Nasr reposa lentement la cuillère qu’il tenait en main, et répondit sur un ton apaisé :

- Mille cavaliers. Mille de plus si nous devions enrôler tous ceux en âge de se battre, mais qui sont occupés à d’autres tâches. Et encore deux cents qui sont occupés au Harondor, mais pourraient revenir si nous les appelions.

« Occupés au Harondor ». L’expression était élégante, et désignait en réalité le travail de mercenariat auquel se livraient les Naharim, comme bien d’autres clans.

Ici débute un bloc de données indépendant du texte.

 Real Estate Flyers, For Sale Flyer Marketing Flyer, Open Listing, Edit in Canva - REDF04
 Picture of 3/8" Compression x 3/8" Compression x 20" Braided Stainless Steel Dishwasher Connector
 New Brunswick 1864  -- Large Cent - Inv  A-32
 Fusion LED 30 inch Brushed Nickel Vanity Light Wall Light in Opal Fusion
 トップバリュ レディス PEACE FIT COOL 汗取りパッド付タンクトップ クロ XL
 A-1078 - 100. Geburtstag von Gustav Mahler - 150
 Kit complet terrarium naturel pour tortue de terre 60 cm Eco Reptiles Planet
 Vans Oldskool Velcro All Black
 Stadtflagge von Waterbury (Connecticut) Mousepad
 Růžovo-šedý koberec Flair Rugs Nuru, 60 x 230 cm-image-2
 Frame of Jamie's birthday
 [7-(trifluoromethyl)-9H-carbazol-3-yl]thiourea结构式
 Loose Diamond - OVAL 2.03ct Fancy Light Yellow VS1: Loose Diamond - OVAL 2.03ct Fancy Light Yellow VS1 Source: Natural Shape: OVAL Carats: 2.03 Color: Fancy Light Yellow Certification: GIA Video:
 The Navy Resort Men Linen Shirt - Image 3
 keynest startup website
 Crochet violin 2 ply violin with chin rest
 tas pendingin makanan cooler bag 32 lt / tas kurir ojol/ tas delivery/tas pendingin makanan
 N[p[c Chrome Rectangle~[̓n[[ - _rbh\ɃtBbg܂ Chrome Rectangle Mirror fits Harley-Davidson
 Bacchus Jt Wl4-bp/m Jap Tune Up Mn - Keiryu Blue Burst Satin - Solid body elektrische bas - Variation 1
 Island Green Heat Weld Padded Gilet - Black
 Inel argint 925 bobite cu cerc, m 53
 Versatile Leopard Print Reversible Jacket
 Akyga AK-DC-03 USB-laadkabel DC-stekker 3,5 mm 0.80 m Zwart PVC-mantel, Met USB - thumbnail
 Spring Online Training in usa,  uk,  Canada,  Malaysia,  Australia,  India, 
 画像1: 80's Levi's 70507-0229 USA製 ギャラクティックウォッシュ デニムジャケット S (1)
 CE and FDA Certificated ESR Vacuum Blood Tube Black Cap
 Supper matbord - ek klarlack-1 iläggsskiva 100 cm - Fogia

Ils sillonnaient les régions les moins dangereuses – laissant les autres aux idiots – et se faisaient payer par les Neufs pour cela. C’était une bonne opportunité d’entraîner les jeunes, sous l’égide de quelques vétérans qui leur apprenaient la vie en campagne, la guerre et leur racontaient de belles histoires au coin du feu.

- Mille hommes, donc…

Le troisième neveu du maître de la ville fit claquer sa langue, sans cacher son agacement. De toute évidence, il n’aimait pas Nasr, probablement car il avait une aversion pour les tribus du désert. Les nomades étaient souvent imprévisibles, agressifs et rétifs à tout contrôle. Ceux des villes préféraient en général l’ordre, la stabilité, et un commerce libre. De quoi développer leurs activités, leur fortune et leurs projets, sans être embêtés par les velléités guerrières de cavaliers ancrés dans des traditions archaïques et révolues. Entre Nasr et le prince Saar Alraddah, il y avait plus qu’un monde… il y avait toute une époque. Ils n’appartenaient tout simplement pas au même univers. Le prince reprit :

- Mille hommes ne nous aideront pas à gagner la prochaine guerre, et à nous protéger efficacement contre les autres tribus. Les Djunni, au Sud d’ici, ont environ sept cents hommes, et ils viennent prélever leur tribut comme ils l’entendent sur nos terres. Mille hommes n’en viendront pas à bout facilement. Je crains de devoir refuser.

- Si vous ajoutiez les forces de Djahar’Mok aux nôtres, nous pourrions les surpasser à pratiquement deux contre un. Nous n’avons pas besoin d’entrer en guerre contre eux, seulement de leur opposer une résistance suffisante pour qu’ils comprennent qu’il est dans leur intérêt de négocier avec vous.

Le prince s’absorba dans ses pensées un instant, considérant ses options. Ses liens avec la famille dirigeante de Djahar’Mok étaient éloignés, et il n’avait pas les faveurs du maître. Seul son titre lui garantissait un statut ici. Cependant, s’il pouvait préserver la ville du danger que représentaient les Djunni, s’il pouvait s’imposer militairement… nul doute que sa place dans la famille serait consolidée, au point peut-être d’obtenir un office important, ou une charge prestigieuse. Cependant, pour y parvenir, il devait convaincre son oncle d’envoyer tous les hommes d’armes de la cité au Sud, pour y affronter les Djunni et leur tenir tête… Le discours audacieux plairait, c’était certain.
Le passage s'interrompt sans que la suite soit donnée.